La Rondone programme cover 2023

Opera North in Newcastle

Posted 24 Oct 2023

Opera North opened its Autumn visit to Newcastle's Theatre Royal on Tuesday, 31 October with its new production of Verdi's ever-welcome Falstaff. This presentation, which has been very favourably received, was repeated on Thursday, when the OpScot team met up for an indulgent weekend. 

The thoroughly enjoyable Falstaff performance was completely dominated by the fabulous orchestra under music director Garry Walker and an absolutely winning interpretation of the title role by company stalwart Henry Waddington - the portrayal unusually warm-hearted and genial. Richard Burkhard took on a major Verdi role as a highly sympathetic Ford, and it ws good to see Kate Royal return as Alice. 

This autumn season is focussed on green issues, with all three lots of sets and costumes recycled from stock, generally effective.  Herne's Oak was a fascinating jumble of antlers retrieved from the park at nearby Harewood.

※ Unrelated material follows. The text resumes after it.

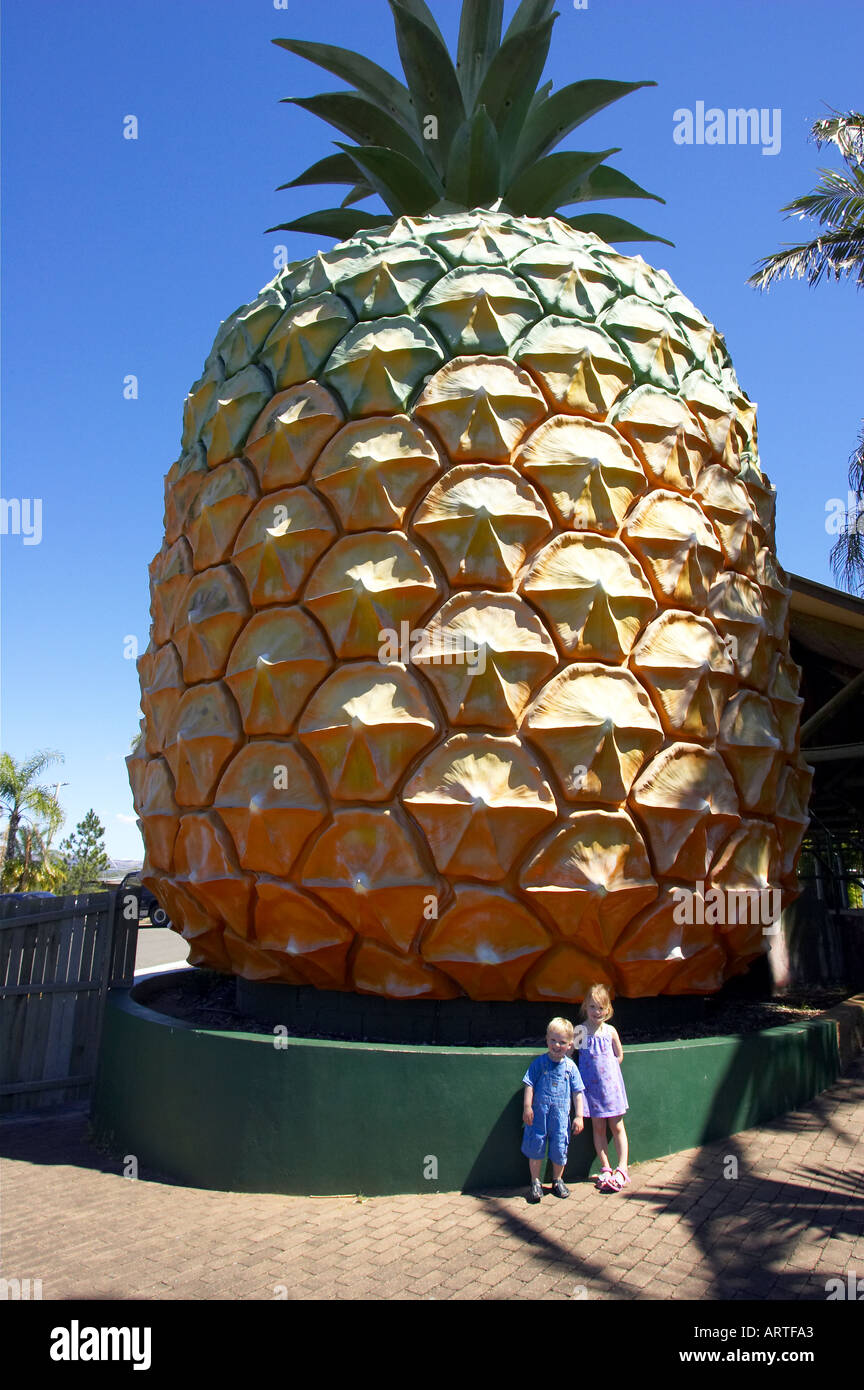 The Big Pineapple Sunshine Coast Queensland Australia Stock Photo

The second work in this short season is still unaccountably a great rarity, Puccini's La Rondine.  This wonderful and much under-rated piece has never yet been performed in Edinburgh, though Opera North's first staging was taken to Aberdeen back in 2006 and the Conservatoire presented it beautifully in Glasgow in 2014.  La Rondine could be seen on Wednesday and Friday.  Once again it came across as an underrated piece - superb chorus and orchestra under Oliver Rundell, once Scottish Opera's chorus master.  The leading couple, Galina Averina and Sébastian Guèze, were unfamiliar but quite excellent, and it was good to meet up again with Elgan Llýr Thomas as Prunier. 

The third work on the tour, with a single performance on Saturday, was a complete novelty entitled The Masque of Might. An evening of superb music by Henry Purcell had been arranged by that great and most enterprising of directors, Sir David Pountney.  While some of it was familiar, neither of the most famous operas, Dido or King Arthur was pillaged. The plot was admittedly thin, with a strong environmental element, but it held together and sounded excellent. 

For this the superb conductor was Harry Bicket, now a regular at the Met and elsewhere, but remembered still from his excellent work on Scottish Opera-Go-Round's Gluck Orfeo all of thirty years ago.